GOAL OF THE EXERCISE: Below are entries. Copy exactly the lines running from the line that holds "trajets vacances depuis" to the line that holds "Libreta de tapa", with both ends included.
[Opening PROVIDED MATERIAL section]
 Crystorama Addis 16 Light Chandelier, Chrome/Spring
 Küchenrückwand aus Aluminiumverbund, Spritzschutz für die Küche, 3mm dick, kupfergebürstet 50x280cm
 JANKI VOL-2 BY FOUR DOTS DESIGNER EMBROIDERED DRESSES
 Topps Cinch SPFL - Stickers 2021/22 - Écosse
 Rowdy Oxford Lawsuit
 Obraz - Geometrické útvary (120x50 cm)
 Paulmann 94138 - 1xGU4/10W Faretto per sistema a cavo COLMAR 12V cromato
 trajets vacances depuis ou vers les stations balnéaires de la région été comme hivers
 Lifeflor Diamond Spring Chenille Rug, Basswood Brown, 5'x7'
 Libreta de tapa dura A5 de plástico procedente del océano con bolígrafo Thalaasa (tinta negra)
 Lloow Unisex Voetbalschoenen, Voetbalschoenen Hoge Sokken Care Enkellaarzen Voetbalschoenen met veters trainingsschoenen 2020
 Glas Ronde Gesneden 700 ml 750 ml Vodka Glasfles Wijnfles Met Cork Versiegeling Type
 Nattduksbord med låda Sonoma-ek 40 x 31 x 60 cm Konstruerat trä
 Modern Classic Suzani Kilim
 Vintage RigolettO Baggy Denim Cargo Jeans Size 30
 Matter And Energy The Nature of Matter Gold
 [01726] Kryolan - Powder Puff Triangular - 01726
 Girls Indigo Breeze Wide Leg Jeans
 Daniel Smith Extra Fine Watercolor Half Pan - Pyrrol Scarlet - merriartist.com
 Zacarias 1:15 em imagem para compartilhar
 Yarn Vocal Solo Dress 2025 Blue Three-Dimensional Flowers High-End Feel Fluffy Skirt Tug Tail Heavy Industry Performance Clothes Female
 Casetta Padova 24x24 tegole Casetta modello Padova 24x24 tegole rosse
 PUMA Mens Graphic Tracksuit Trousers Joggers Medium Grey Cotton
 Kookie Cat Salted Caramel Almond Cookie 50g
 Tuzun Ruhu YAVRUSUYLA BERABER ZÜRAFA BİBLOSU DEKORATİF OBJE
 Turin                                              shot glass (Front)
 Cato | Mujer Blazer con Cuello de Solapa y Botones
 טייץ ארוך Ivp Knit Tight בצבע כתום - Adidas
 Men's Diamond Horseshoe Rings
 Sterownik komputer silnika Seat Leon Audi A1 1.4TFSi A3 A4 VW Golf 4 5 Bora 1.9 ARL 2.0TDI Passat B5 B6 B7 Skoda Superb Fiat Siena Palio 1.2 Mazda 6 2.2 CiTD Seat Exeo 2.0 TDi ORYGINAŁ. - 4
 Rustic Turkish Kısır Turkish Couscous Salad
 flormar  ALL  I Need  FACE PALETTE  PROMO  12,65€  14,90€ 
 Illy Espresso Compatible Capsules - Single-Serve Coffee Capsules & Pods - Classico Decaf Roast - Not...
[Closing PROVIDED MATERIAL section]
ANSWER TO THE EXERCISE:
 trajets vacances depuis ou vers les stations balnéaires de la région été comme hivers
 Lifeflor Diamond Spring Chenille Rug, Basswood Brown, 5'x7'
 Libreta de tapa dura A5 de plástico procedente del océano con bolígrafo Thalaasa (tinta negra)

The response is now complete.